**Problem to work on**
Give back exactly the line containing "KOMHTOM Table basse" and all that follow it in the data below, with the pictures left out.

**Information supplied**
"""

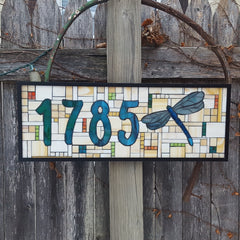 A House Number Plaque Stained Glass Mosaic with Dragonfly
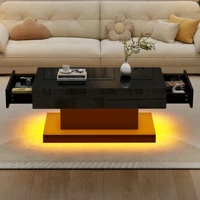 KOMHTOM Table basse noire avec 2 tiroirs et barre lumineuse LED table basse haute brillance 1
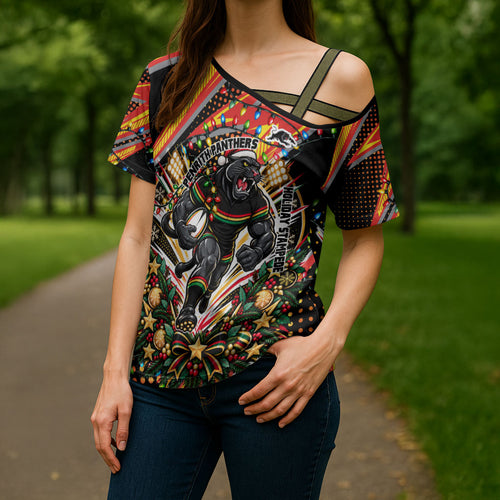 Personalized Penrith Panthers Rugby Christmas Cross Shoulder Shirt Holiday Mascot Graphic Art Festive Lights Bow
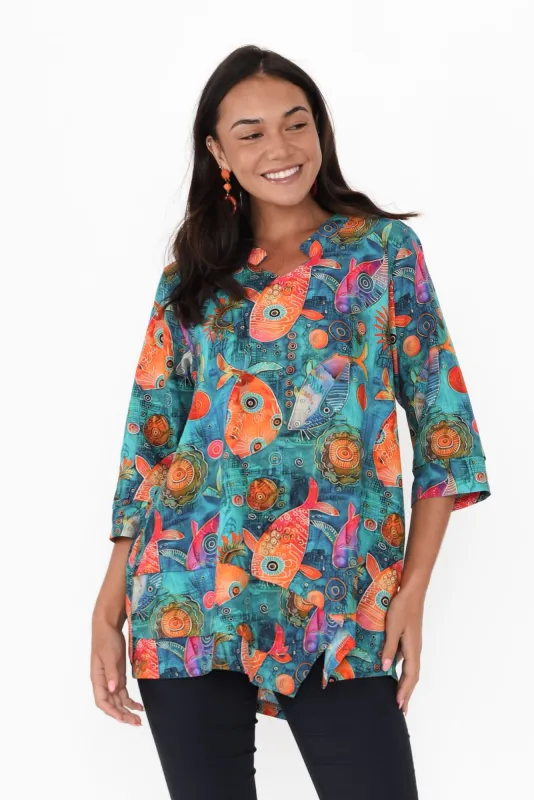 Caro Blue Sea Linen Cotton Top sold by Blue Bungalow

"""

**The completed task**
 KOMHTOM Table basse noire avec 2 tiroirs et barre lumineuse LED table basse haute brillance 1
 Personalized Penrith Panthers Rugby Christmas Cross Shoulder Shirt Holiday Mascot Graphic Art Festive Lights Bow
 Caro Blue Sea Linen Cotton Top sold by Blue Bungalow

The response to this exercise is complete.